> **Given information**:
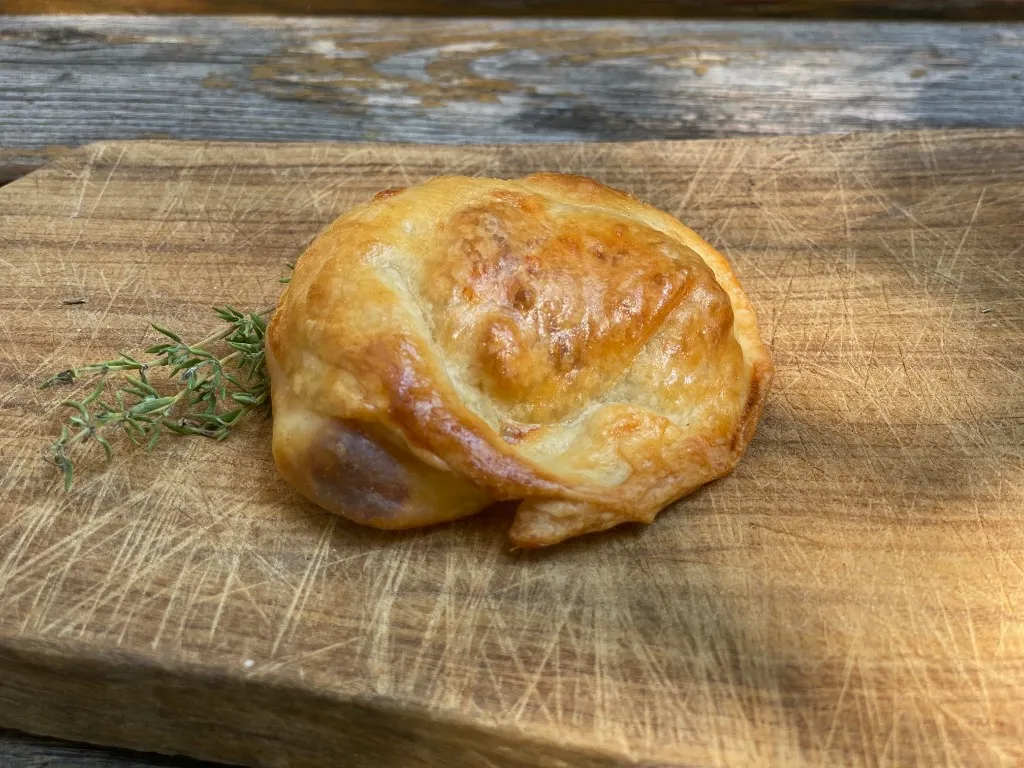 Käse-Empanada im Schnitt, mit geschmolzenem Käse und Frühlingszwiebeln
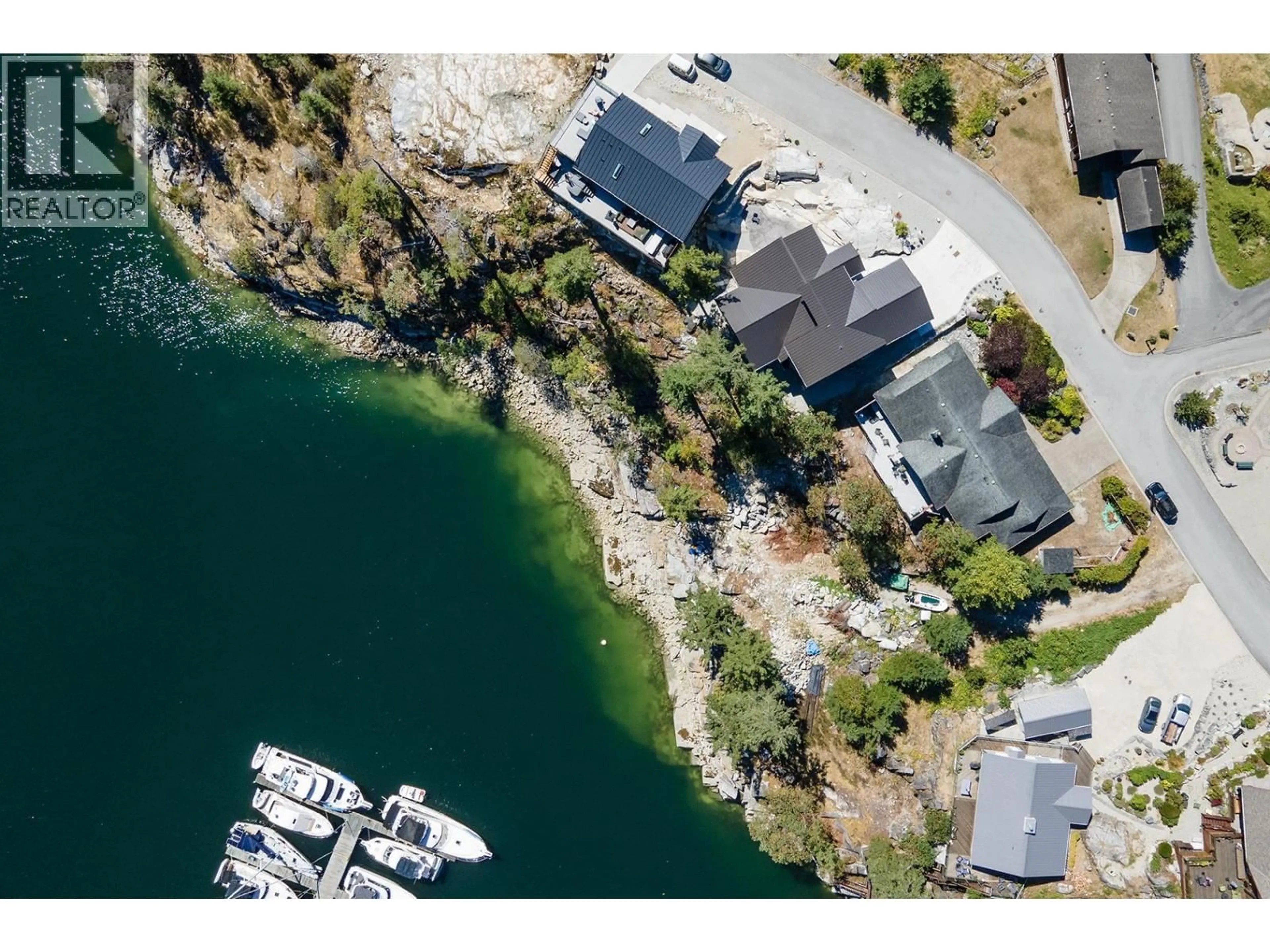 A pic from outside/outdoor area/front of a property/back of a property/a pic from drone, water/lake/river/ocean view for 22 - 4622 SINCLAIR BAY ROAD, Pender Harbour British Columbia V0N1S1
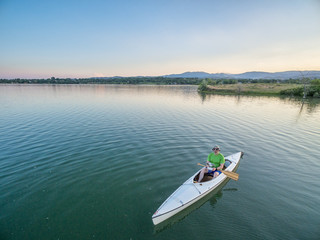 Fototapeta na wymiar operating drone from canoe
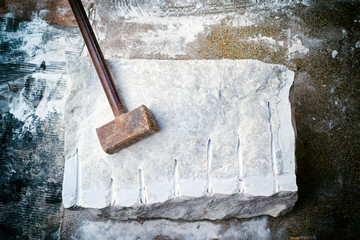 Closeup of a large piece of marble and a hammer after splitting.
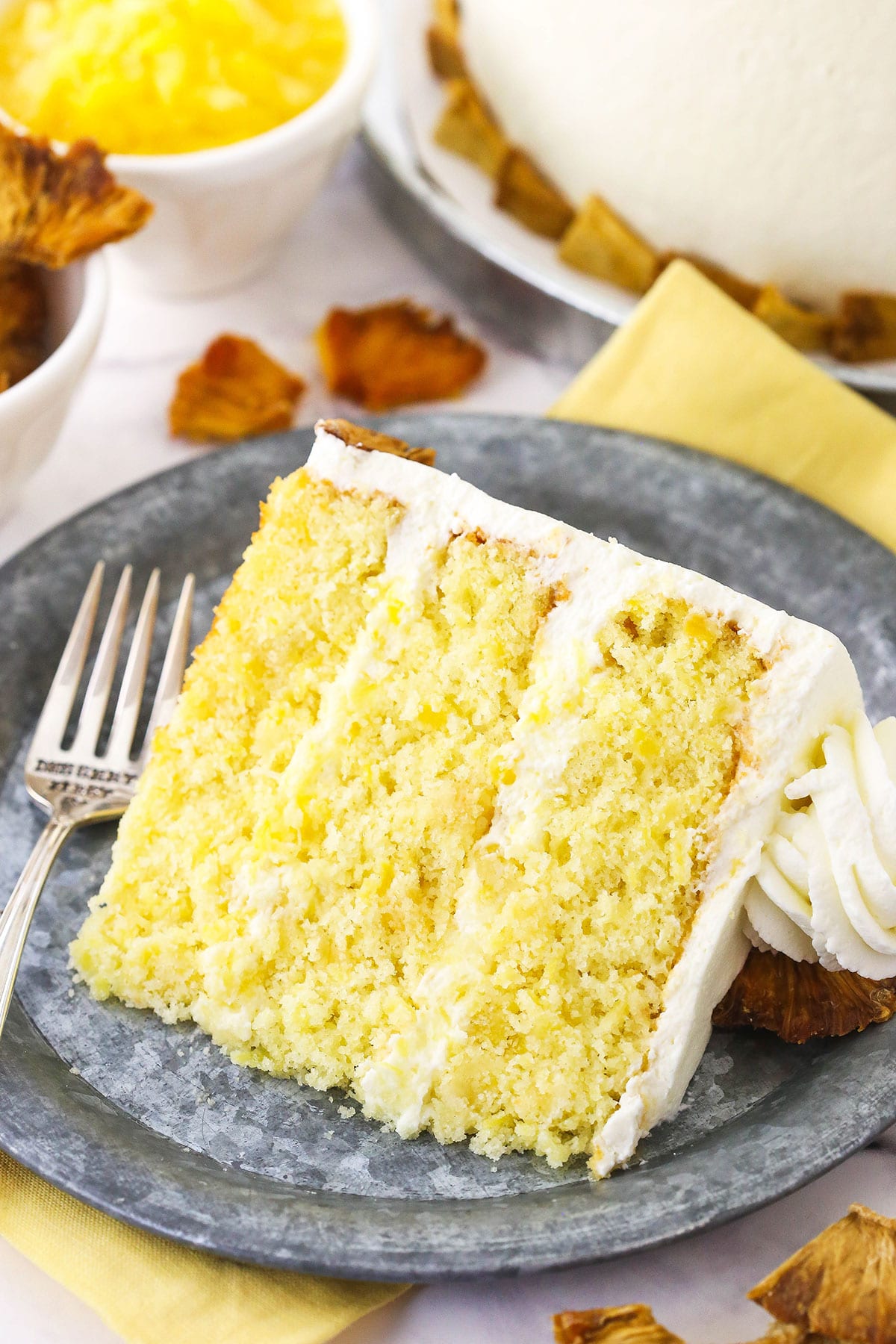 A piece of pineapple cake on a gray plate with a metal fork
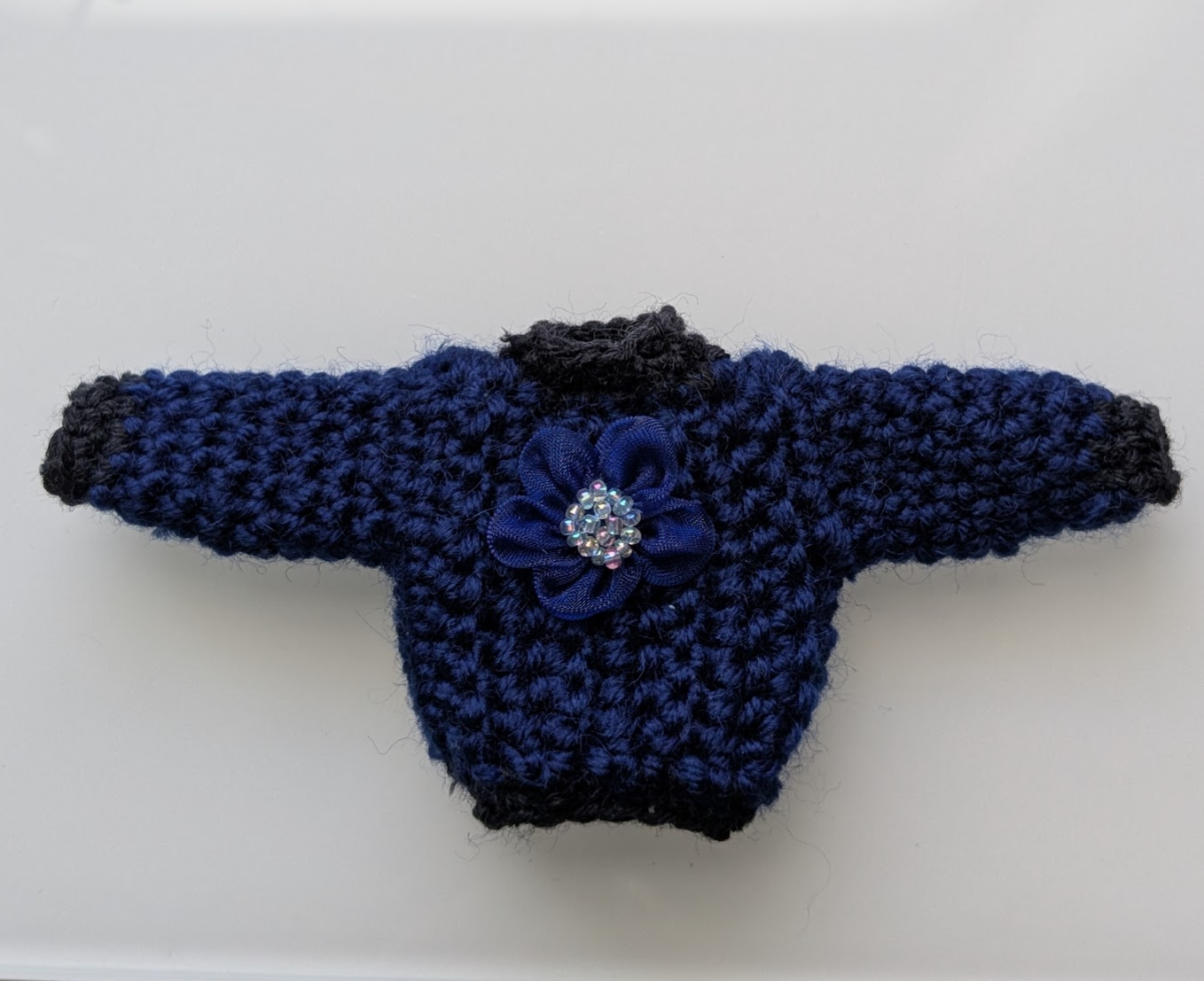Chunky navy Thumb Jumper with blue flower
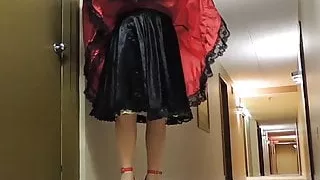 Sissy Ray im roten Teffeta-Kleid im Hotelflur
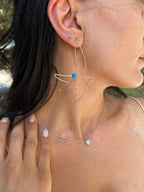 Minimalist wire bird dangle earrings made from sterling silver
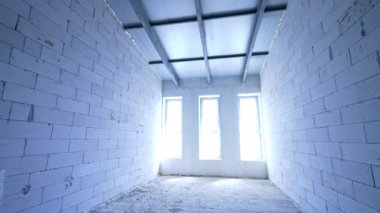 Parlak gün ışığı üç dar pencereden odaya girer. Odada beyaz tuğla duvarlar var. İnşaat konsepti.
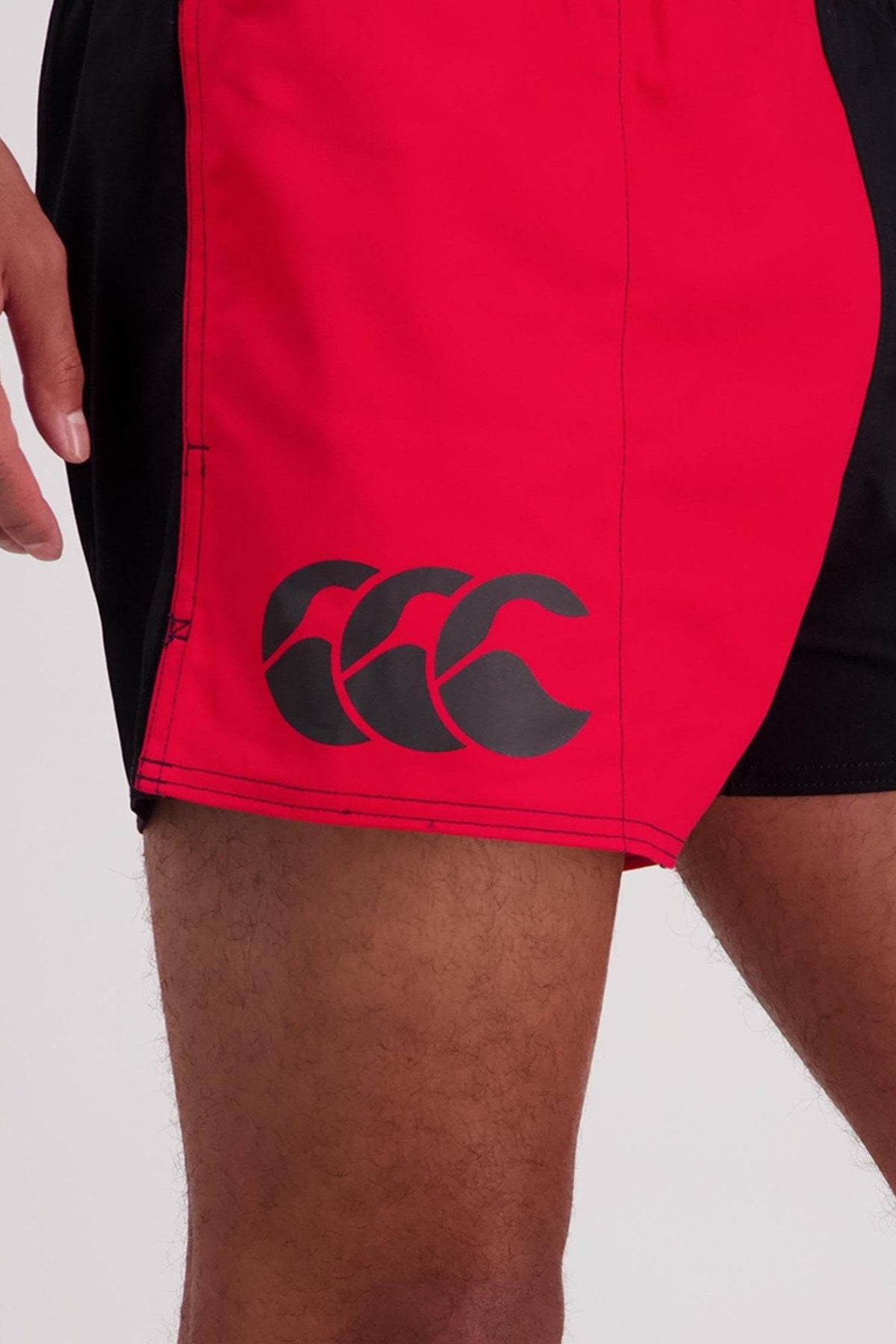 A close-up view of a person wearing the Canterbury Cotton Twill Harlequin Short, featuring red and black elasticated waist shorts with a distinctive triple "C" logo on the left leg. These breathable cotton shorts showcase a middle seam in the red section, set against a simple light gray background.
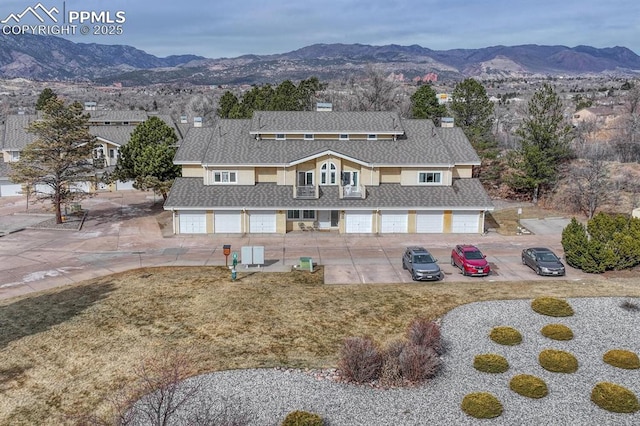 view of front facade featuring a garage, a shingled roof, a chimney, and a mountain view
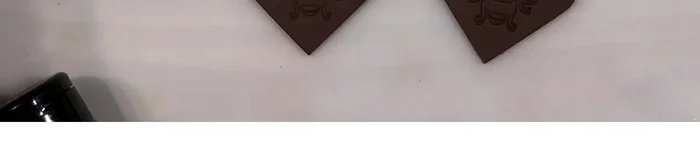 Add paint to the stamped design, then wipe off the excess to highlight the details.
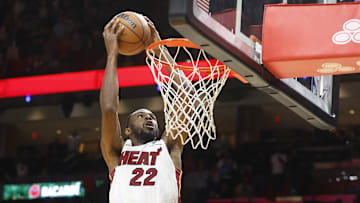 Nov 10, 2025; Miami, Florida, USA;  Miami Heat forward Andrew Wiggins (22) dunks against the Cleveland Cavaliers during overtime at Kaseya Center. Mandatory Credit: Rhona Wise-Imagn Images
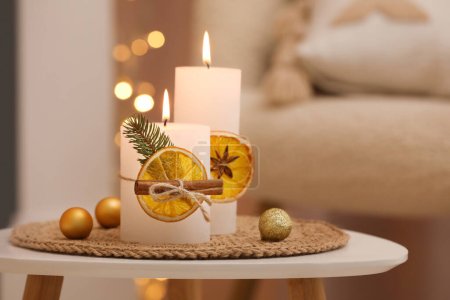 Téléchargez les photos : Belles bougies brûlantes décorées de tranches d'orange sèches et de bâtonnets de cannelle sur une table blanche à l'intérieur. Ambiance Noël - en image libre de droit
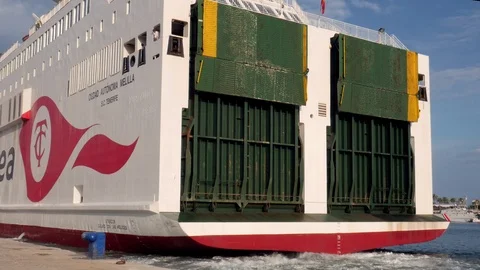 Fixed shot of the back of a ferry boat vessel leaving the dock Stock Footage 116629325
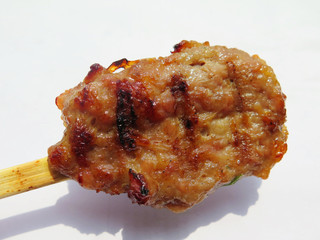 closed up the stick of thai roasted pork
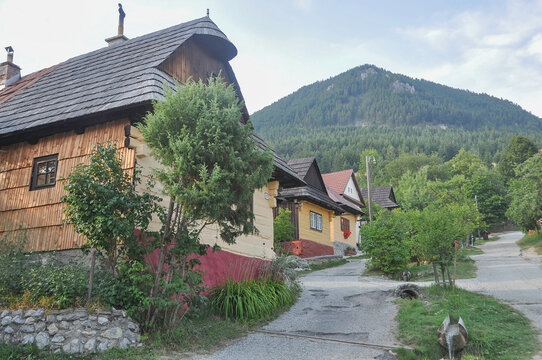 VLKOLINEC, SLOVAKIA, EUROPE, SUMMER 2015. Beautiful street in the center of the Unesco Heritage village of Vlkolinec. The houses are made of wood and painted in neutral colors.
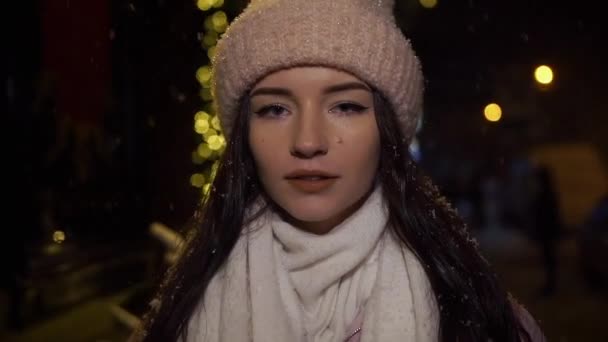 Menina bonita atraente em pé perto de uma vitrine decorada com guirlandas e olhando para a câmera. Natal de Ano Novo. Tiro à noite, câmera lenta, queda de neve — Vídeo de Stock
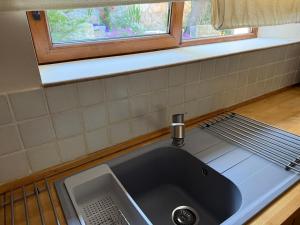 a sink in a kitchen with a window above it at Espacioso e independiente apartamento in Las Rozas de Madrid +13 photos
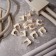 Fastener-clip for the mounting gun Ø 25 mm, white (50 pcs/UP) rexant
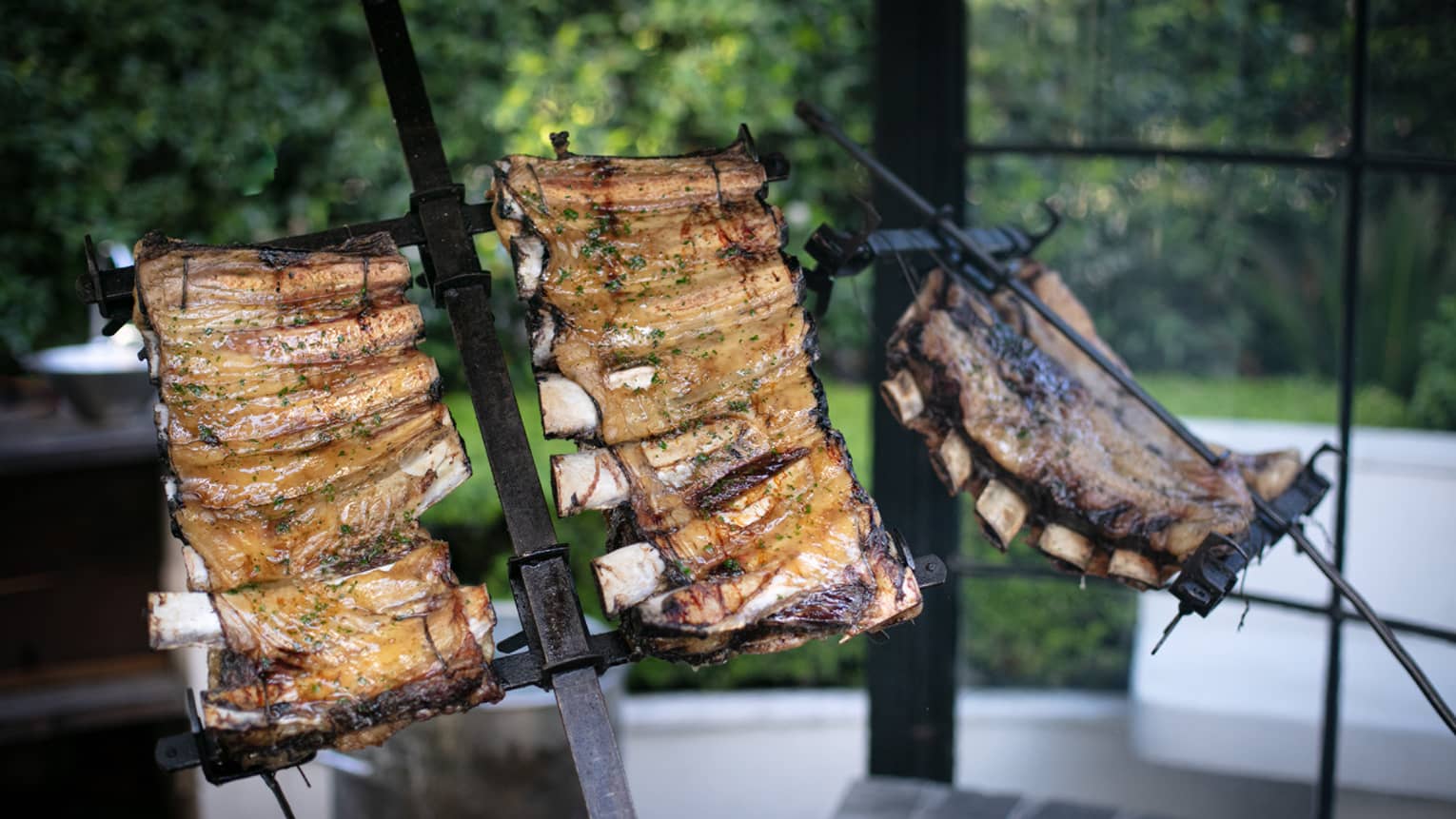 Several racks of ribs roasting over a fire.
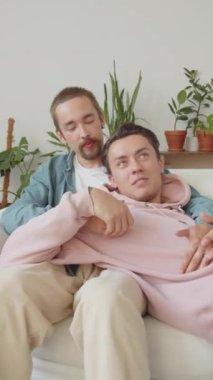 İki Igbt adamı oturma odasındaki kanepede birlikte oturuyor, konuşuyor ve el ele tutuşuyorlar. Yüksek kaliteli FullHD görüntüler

> **Required work**:
Retype the listing above exactly. Pictures are not part of the copy.

> **Answer space**:
 Käse-Empanada im Schnitt, mit geschmolzenem Käse und Frühlingszwiebeln
 A pic from outside/outdoor area/front of a property/back of a property/a pic from drone, water/lake/river/ocean view for 22 - 4622 SINCLAIR BAY ROAD, Pender Harbour British Columbia V0N1S1
 Fototapeta na wymiar operating drone from canoe
 Closeup of a large piece of marble and a hammer after splitting.
 A piece of pineapple cake on a gray plate with a metal fork
Chunky navy Thumb Jumper with blue flower
 Sissy Ray im roten Teffeta-Kleid im Hotelflur
 Minimalist wire bird dangle earrings made from sterling silver
 Parlak gün ışığı üç dar pencereden odaya girer. Odada beyaz tuğla duvarlar var. İnşaat konsepti.
 A close-up view of a person wearing the Canterbury Cotton Twill Harlequin Short, featuring red and black elasticated waist shorts with a distinctive triple "C" logo on the left leg. These breathable cotton shorts showcase a middle seam in the red section, set against a simple light gray background.
 view of front facade featuring a garage, a shingled roof, a chimney, and a mountain view
 Add paint to the stamped design, then wipe off the excess to highlight the details.
 Nov 10, 2025; Miami, Florida, USA;  Miami Heat forward Andrew Wiggins (22) dunks against the Cleveland Cavaliers during overtime at Kaseya Center. Mandatory Credit: Rhona Wise-Imagn Images
 Téléchargez les photos : Belles bougies brûlantes décorées de tranches d'orange sèches et de bâtonnets de cannelle sur une table blanche à l'intérieur. Ambiance Noël - en image libre de droit
 Fixed shot of the back of a ferry boat vessel leaving the dock Stock Footage 116629325
 closed up the stick of thai roasted pork
 VLKOLINEC, SLOVAKIA, EUROPE, SUMMER 2015. Beautiful street in the center of the Unesco Heritage village of Vlkolinec. The houses are made of wood and painted in neutral colors.
 Menina bonita atraente em pé perto de uma vitrine decorada com guirlandas e olhando para a câmera. Natal de Ano Novo. Tiro à noite, câmera lenta, queda de neve — Vídeo de Stock
 a sink in a kitchen with a window above it at Espacioso e independiente apartamento in Las Rozas de Madrid +13 photos
 Fastener-clip for the mounting gun Ø 25 mm, white (50 pcs/UP) rexant
 Several racks of ribs roasting over a fire.
 İki Igbt adamı oturma odasındaki kanepede birlikte oturuyor, konuşuyor ve el ele tutuşuyorlar. Yüksek kaliteli FullHD görüntüler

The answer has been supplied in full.